[WORK REQUEST] Copy exactly the lines of the records below, starting at the line that contains "Fotografie Geschw. Strauss, Mainz, junger" and continuing through the last line, both included; omit any pictures.
__________________________________________________
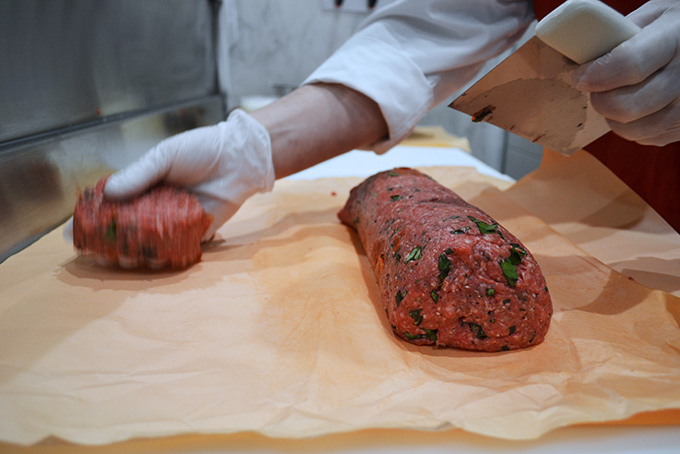Raw Gourmet Burgers being Hand Formed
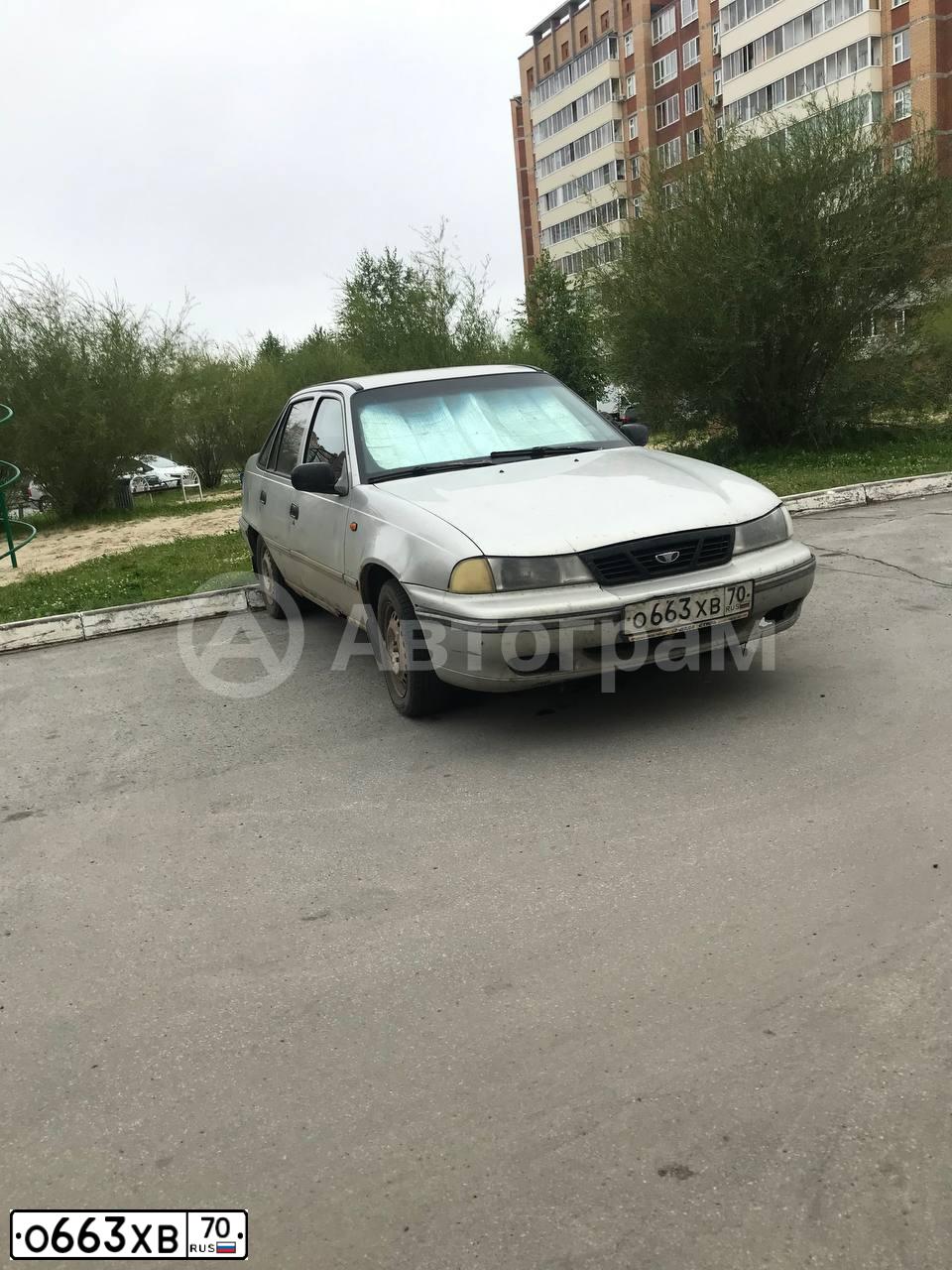Фото автомобиля DAEWOO NEXIA, 2004 — госномер О663ХВ70. Цвет: СЕРЕБРИСТЫЙ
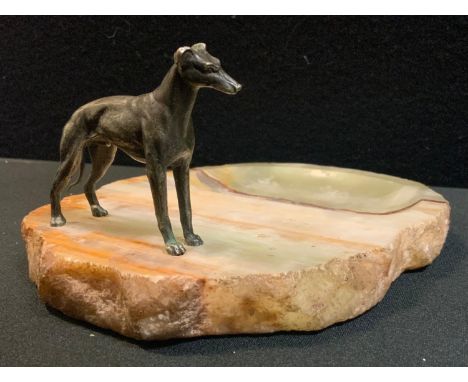 A 20th century cast metal and onyx trinket dish, natural banded green onyx base mounted with a cast metal model of a standing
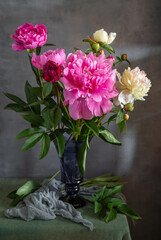 Still life with a bouquet of beautiful peonies in a glass vase.
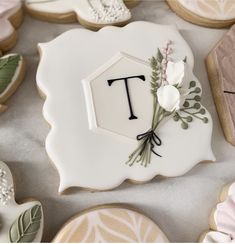 decorated cookies with the letter t and flowers on them are displayed for guests to eat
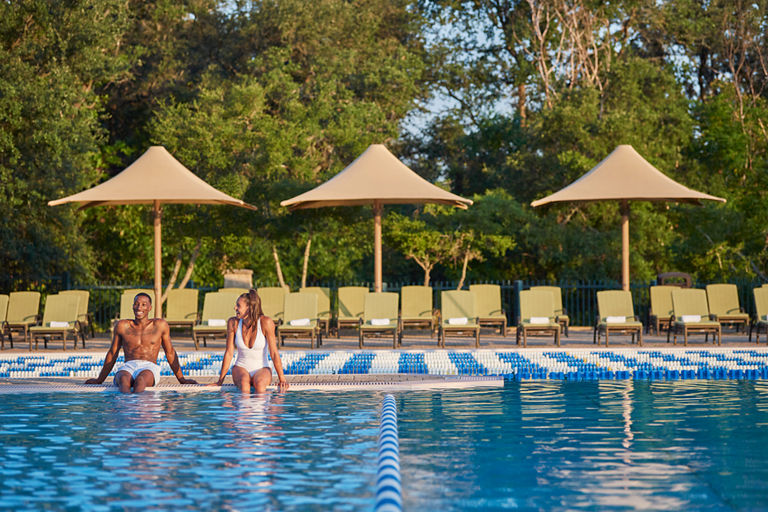 A man and woman smiling at each other while sitting poolside with their feet in the water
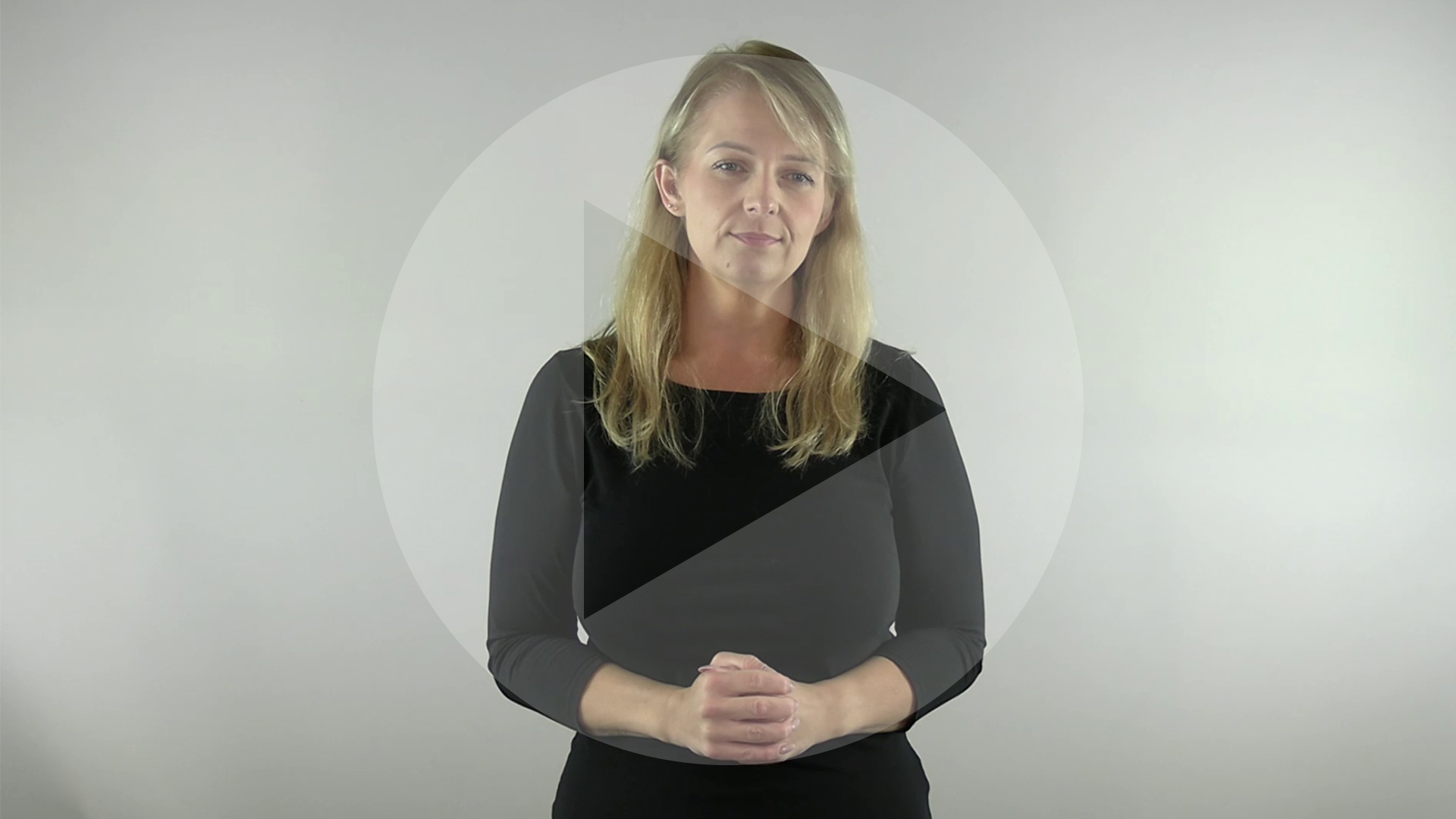 Kadr z nagrania przedstawiający tłumaczkę języka migowego. Na kadr naniesiony jest symbol odtwarzania wideo - trójkąt w kole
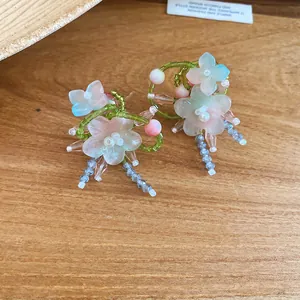 Close-up of handmade forest style beaded flower drop earrings on wooden background
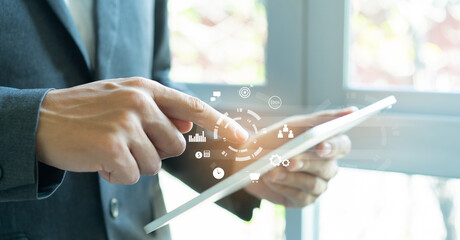 close up employee man hand hold digital let and using future business program application to connect with team or check system for  data development concept	
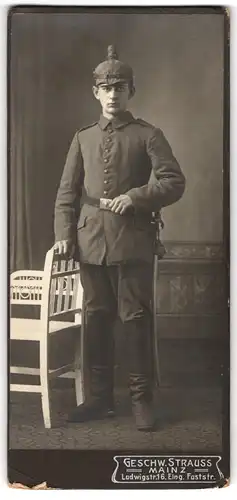 Fotografie Geschw. Strauss, Mainz, junger Soldat in Feldgrau Uniform mit Pickelhaube Tarnbezug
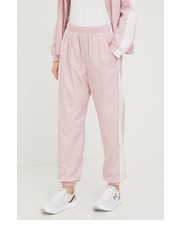 Spodnie spodnie treningowe damskie kolor różowy gładkie - Answear.com Under Armour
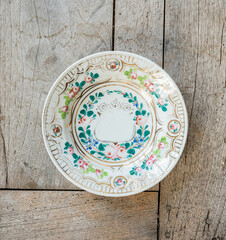 Vintage fayance wall plate with flowers on a rustic wooden table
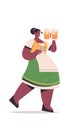 Girl waitress holding beer mugs Oktoberfest party concept african american woman in german traditional clothes Royalty Free Stock Photo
__________________________________________________
[SOLUTION FOR THIS EXERCISE]
 Fotografie Geschw. Strauss, Mainz, junger Soldat in Feldgrau Uniform mit Pickelhaube Tarnbezug
 Spodnie spodnie treningowe damskie kolor różowy gładkie - Answear.com Under Armour
 Vintage fayance wall plate with flowers on a rustic wooden table
 Girl waitress holding beer mugs Oktoberfest party concept african american woman in german traditional clothes Royalty Free Stock Photo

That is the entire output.